J. Cancer, 75, 1144-1150). The immunity induced against E2 could be protective and, in principle, could be targeted in the early stages of viral expression in the basal / parabasal cells of the cervical epithelium. Stimulation of local prolonged mucosal immunity would have the advantage over capsid-based vaccines to remove cells with .DNA in episomal form. Cells with episomal HPV DNA could form the mixture (latent state) from which subsequent integration events could occur (an increased risk for progression). Positivity to PV in women can be approximately 39% in sexually active women between 15 and 25 years of age. This decreases drastically with age and supports the view that there is an acquired immunity against. infection. The prospect of local administration of an immunogenic E2 protein or a modified E2 protein that could activate an apoptosis pathway, would represent a complementary attack on any cervical lesion with - therapeutic and preventive components. This would be relevant for high risk and low risk viral infection, including genital warts and others. One interesting possibility is that the immunogenicity of the E2 protein can be enhanced by being bound to its white DNA. This complex could distribute unique epitopes that would be recognized by the immune response in a natural cleansing. It has been shown that the responses of helper T cells against the E2 pRotein of HPV 16 seems to correlate with the clearance of viral infections, emphasizing the potential of this protein as a therapeutic prophylactic immunological target (Bontkes, H. J et al., ( 1999), Gen. Virol. 0: 2453-2459). Currently trials have been developed to measure the responses of E2-specific T cells of HPV 16, using interferon?

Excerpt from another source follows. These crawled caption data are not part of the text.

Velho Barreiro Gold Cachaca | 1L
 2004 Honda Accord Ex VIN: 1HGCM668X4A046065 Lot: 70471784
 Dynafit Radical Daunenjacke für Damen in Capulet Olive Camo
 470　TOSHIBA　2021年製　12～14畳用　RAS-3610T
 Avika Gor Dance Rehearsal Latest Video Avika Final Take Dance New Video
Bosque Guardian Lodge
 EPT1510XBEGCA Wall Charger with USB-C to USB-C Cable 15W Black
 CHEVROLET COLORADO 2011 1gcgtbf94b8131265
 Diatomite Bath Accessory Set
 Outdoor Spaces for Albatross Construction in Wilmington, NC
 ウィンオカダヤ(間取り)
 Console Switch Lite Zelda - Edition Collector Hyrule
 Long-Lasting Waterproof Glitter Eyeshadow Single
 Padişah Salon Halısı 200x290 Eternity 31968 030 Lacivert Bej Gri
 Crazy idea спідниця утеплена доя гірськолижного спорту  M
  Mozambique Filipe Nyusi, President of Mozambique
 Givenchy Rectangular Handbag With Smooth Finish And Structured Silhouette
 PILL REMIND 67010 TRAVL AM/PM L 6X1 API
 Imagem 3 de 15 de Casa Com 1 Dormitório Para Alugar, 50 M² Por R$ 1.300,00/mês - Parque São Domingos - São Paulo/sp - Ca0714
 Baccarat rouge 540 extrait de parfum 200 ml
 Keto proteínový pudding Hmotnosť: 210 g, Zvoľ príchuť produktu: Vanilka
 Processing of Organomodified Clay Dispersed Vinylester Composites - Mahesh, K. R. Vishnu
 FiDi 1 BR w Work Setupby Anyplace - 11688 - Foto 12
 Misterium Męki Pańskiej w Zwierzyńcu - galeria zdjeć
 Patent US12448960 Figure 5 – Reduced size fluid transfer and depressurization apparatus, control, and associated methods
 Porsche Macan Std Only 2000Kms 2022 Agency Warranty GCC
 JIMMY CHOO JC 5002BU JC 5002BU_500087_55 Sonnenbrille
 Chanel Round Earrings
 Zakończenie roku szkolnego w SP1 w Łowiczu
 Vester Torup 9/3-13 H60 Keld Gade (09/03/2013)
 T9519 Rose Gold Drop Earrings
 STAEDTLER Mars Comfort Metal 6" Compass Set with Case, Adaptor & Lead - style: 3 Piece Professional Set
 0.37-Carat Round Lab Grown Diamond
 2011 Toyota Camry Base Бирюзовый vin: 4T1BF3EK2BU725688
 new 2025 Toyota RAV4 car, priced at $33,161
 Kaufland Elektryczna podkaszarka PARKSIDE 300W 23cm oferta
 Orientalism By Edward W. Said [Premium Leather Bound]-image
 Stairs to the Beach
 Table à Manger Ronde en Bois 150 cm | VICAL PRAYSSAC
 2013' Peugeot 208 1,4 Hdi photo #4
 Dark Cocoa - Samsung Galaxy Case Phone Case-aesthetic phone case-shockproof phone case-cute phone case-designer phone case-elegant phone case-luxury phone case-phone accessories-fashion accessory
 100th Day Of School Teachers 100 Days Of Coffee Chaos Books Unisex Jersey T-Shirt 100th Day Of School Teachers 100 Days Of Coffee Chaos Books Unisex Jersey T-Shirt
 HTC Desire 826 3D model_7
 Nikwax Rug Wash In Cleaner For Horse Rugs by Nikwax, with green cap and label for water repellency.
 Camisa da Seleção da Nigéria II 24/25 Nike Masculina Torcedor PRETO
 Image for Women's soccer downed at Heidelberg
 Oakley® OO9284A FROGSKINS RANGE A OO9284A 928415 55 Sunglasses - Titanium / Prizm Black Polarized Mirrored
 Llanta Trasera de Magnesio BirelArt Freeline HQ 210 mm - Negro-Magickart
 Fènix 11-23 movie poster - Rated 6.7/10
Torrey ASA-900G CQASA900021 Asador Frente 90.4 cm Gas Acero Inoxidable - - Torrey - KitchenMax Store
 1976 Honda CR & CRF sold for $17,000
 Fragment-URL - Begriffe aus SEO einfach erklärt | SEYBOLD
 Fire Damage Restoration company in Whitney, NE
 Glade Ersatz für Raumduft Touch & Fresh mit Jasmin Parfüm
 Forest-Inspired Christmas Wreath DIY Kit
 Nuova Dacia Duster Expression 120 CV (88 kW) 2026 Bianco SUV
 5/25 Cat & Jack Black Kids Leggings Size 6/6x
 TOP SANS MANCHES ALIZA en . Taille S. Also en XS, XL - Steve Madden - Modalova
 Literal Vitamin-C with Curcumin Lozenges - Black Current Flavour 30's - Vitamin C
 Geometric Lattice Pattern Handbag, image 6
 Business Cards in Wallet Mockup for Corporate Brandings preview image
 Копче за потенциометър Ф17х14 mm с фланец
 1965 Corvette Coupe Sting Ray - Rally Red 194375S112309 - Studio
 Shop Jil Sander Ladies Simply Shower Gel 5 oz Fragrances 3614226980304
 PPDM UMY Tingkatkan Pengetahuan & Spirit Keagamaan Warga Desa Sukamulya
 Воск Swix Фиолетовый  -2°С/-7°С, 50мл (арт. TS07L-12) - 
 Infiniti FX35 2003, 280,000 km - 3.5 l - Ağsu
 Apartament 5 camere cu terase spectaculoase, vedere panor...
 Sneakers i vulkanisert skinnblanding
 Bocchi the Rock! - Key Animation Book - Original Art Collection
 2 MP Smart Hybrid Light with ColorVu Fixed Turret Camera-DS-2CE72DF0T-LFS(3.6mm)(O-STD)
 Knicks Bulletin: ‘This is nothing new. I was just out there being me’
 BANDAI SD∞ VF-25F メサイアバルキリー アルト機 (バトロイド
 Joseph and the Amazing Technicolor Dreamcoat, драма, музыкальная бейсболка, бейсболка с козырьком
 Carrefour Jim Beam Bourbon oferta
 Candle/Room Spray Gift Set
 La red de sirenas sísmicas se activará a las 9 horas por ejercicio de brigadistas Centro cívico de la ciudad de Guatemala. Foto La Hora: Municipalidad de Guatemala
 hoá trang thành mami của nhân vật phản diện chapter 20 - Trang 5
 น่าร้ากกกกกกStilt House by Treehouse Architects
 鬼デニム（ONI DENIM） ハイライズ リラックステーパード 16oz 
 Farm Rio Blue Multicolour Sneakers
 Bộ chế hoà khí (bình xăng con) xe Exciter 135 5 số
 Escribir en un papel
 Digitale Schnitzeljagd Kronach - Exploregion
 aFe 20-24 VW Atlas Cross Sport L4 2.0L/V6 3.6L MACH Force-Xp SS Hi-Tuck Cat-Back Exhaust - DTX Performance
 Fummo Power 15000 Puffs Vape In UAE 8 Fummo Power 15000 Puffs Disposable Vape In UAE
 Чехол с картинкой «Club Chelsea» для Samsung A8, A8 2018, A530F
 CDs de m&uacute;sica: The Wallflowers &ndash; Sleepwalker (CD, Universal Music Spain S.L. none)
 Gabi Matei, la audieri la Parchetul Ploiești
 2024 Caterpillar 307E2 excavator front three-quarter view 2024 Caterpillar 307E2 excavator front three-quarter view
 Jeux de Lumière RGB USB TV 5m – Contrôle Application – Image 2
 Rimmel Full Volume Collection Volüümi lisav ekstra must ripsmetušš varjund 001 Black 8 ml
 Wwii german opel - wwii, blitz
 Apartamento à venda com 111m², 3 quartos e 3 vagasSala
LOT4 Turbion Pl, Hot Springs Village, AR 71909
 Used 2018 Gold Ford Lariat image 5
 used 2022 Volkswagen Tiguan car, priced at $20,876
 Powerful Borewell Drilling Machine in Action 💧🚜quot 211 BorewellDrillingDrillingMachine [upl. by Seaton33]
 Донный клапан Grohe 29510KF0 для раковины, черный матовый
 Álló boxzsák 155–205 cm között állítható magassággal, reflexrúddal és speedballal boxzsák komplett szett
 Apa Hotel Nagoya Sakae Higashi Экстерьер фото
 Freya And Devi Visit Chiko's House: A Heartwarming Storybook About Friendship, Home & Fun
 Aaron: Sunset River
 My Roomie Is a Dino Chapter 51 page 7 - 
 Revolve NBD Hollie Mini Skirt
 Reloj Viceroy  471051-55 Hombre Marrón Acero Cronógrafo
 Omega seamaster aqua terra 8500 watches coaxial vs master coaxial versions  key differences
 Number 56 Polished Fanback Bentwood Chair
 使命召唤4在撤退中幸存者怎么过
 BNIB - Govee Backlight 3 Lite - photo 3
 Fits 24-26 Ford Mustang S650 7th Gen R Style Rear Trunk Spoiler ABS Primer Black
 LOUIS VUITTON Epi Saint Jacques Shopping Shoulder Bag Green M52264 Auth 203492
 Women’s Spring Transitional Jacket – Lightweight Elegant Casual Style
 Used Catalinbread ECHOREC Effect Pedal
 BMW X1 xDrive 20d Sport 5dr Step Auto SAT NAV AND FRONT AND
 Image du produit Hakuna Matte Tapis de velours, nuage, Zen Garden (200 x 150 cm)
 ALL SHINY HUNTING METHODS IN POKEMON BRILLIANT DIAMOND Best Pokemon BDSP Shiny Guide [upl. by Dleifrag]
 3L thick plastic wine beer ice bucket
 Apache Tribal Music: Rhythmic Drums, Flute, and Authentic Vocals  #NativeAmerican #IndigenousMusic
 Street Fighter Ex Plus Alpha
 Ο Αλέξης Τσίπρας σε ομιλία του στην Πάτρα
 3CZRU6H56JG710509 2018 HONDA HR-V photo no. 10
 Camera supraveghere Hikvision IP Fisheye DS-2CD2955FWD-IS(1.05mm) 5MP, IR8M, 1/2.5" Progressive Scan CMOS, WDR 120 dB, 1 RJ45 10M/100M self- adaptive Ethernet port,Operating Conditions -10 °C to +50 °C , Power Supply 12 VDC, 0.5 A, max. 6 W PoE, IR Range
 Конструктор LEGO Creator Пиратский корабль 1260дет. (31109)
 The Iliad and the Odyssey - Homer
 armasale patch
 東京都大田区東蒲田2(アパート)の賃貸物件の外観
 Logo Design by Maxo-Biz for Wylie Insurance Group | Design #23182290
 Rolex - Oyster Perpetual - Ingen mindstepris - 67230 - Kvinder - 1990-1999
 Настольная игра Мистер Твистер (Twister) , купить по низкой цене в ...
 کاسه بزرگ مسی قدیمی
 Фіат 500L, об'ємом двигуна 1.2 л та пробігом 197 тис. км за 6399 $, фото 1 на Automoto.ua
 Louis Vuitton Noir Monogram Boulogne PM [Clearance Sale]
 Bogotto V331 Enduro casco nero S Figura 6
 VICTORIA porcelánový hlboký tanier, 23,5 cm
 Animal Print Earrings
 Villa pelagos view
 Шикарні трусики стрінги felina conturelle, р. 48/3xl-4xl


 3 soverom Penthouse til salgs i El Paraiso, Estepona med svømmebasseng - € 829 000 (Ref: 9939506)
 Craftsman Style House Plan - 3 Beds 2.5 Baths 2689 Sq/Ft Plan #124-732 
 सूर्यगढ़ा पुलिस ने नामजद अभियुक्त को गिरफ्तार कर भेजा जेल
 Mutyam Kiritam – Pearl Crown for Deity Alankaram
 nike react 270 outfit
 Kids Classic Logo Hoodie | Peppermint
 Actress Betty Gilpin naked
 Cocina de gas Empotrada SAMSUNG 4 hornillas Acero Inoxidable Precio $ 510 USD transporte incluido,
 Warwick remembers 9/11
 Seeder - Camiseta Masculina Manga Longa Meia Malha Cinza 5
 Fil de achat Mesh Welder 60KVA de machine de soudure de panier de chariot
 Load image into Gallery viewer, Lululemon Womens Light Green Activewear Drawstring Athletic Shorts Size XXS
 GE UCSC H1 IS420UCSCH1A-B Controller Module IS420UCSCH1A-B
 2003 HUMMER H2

ELISPOT. Figure 14 shows evidence of memory T cells versus E2 of HPV 16 in donor 1, but not in donor 2 However, prolonged exposure to the C-terminal fragment of the E2 protein of HPV 16 with analogous dendritic cells prepared from peripheral blood monocytes, is capable of generating primary activation of specific T cells. Dendritic cells (CDs) have been prepared from adherent peripheral blood mononuclear cells, in a medium

Claims (1)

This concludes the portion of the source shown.